Ions are much more massive than electrons, so at any given energy their wavelength λ is significantly shorter, as shown in ◘ Fig. 31.1. For example, at an energy of 10 keV the wavelength of an electron is 0.012 nm, but for the same energy a hydrogen (H⁺) ion has a wavelength that is smaller than the electron wavelength by a factor of 43. A helium ion has a wavelength that is 86× smaller, so potentially offering a beam spot of a few picometers (pm), and making correspondingly enhanced image resolution possible. ◘ Figure 31.2a shows an example of high resolution electron and He⁺ imaging of gold islands on carbon with conditions optimized for SEM (i.e., low beam energy) and HIM (high beam energy). The extraordinary fine-scale detail that can be obtained with HIM imaging of Au on C is shown in ◘ Fig. 31.2b. ◘ Figure 31.3 shows a more challenging imaging problem, that of soft material, as viewed by the SEM in the “conventional” beam energy range and by HIM, where much finer details are visible in the ion beam image.

../images/271173_4_En_31_Chapter/271173_4_En_31_Fig1_HTML.png — Fig. 31.1
Comparison of wavelengths of various particles as a function of beam energy

../images/271173_4_En_31_Chapter/271173_4_En_31_Fig2_HTML.png — Fig. 31.2
a Gold islands on carbon as viewed by SEM and HIM under optimized conditions for each method: SEM (20-pA beam current at 1 keV); HIM (1-pA beam current at 30 keV). b High magnification HIM image of gold on carbon sample with lacey contamination visible. Field of View is 200 nm (Image acquired by Shawn McVey using the ORION Plus HIM) (Image courtesy of Carl Zeiss)

../images/271173_4_En_31_Chapter/271173_4_En_31_Fig3_HTML.png — Fig. 31.3
SEM and HIM images of soft material (polymer fibers)

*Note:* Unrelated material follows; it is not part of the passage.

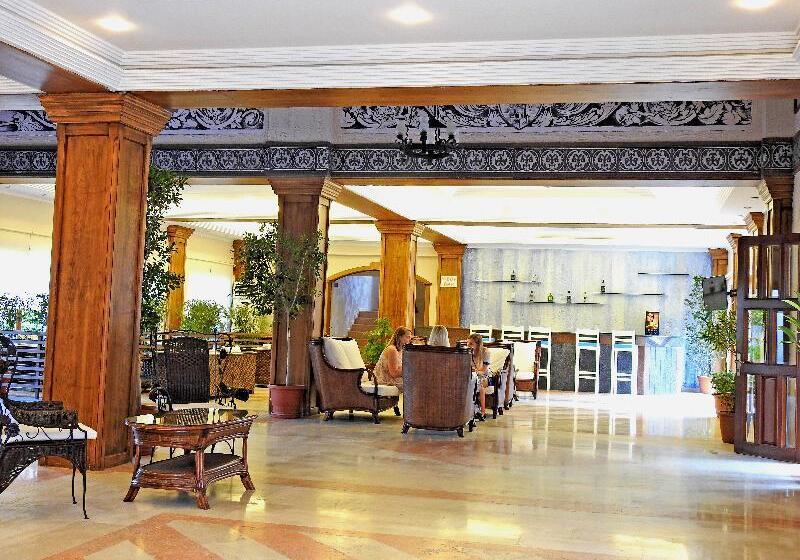 酒店 Tiana Beach Resort All Inclusive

An additional benefit of ion beam imaging is that because the ion beam wavelengths λ are so short it is possible to significantly reduce the convergence angle α of the ion beam, thus extending the imaging depth of field by a factor of 1/α, while still offering a much superior resolution. ◘ Figure 31.4a shows an example of the large depth of field that can be achieved simultaneously with wide field-of-view. Unlike high resolution SEM images, which are essentially two-dimensional because of the poor depth of field, high resolution ion beam images can also offer three-dimensional information, as shown in ◘ Fig. 31.4b, where the depth of field is at least 1.5 μm for 1-μm image width. ◘ Figure 31.5 illustrates the value of this combination of high resolution and high depth of field in ion beam imaging by revealing details throughout an image of a complex three-dimensional specimen of human pancreatic cells.

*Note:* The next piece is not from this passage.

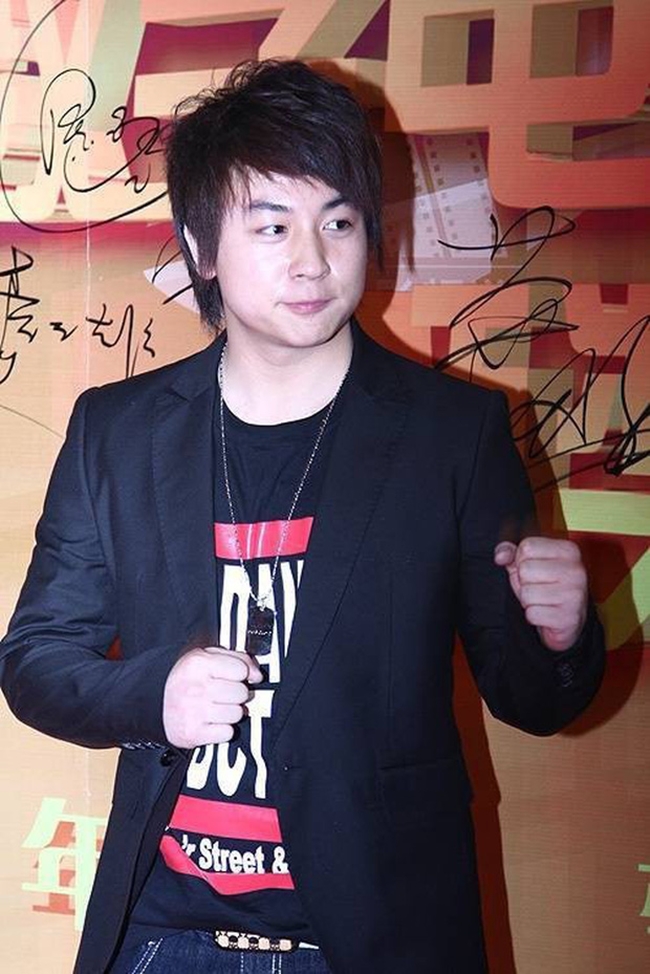 Trước đây, nam diễn viên 8X từng bị chê bai vì ngoại hình thừa cân, xuống sắc. Phải mất một thời gian dài chăm chỉ tập luyện, Thích Tiểu Long mới lấy lại được vóc dáng hoàn hảo như hiện tại.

../images/271173_4_En_31_Chapter/271173_4_En_31_Fig4_HTML.png — Fig. 31.4
a Image of two tungsten wires wetted by gallium. In this large field of view, the depth of field is over 800 μm, and all features are in focus. (Image acquired by Shawn McVey using the ORION NanoFab) (Image courtesy of Carl Zeiss) (Bar = 100 µm). b Illustration of the depth-of-field of helium ion microscopy at high resolution. The depth-of-field is at least 1.5 μm for an image width of 1 μm

../images/271173_4_En_31_Chapter/271173_4_En_31_Fig5_HTML.png — Fig. 31.5
High resolution helium ion imaging with high depth-of-field of a soft tissue sample, human pancreatic cells (Sample courtesy of Paul Walther, Univ. of Ulm)

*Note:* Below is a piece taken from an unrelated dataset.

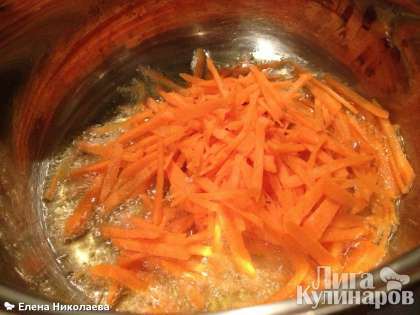 Нарезаем соломкой морковь, лук тоже чистим и мелко режем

All electrons are the same—but all ions are not, and so many different ion-based microscopes can be configured and optimized for the various tasks. At present the most widely used ion beam for high resolution imaging is helium (He⁺), while gallium (Ga⁺) is widely used for ion beam machining of materials. Historically the earliest ion beam microscope (Levi-Setti 1974) used protons (H⁺), while more recently argon (Ar⁺), neon (Ne⁺), and lithium (Li⁺) beams have all also been put into use for nanoscale imaging and fabrication. At present negatively charged ions are much less widely employed than the corresponding positive species, but it can be safely anticipated that they will eventually be employed for special purposes because of the additional versatility that they can offer.

Although in principle any ion could be employed for microscopy, using a heavier ion requires a correspondingly higher accelerating voltage to operate than does a lighter ion, and this heavy ion bombardment may cause significantly more damage to the specimen under examination. Heavy ions also usually have multiple ionization states and these may result in emitted beams whose incident energy is effectively distributed across several values spanning a wide range. This energy spread, in turn, may result in chromatic aberrations in the lenses which may then further degrade the achievable resolution.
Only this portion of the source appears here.